=== Information provided ===
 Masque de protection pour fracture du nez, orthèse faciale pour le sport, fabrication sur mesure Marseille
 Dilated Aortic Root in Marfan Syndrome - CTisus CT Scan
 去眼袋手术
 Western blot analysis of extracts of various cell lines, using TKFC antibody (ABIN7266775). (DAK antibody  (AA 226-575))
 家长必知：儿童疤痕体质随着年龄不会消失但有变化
===
▸ Your assignment: Quote every record above exactly.

▸ Your response:
 Masque de protection pour fracture du nez, orthèse faciale pour le sport, fabrication sur mesure Marseille
 Dilated Aortic Root in Marfan Syndrome - CTisus CT Scan
 去眼袋手术
 Western blot analysis of extracts of various cell lines, using TKFC antibody (ABIN7266775). (DAK antibody  (AA 226-575))
 家长必知：儿童疤痕体质随着年龄不会消失但有变化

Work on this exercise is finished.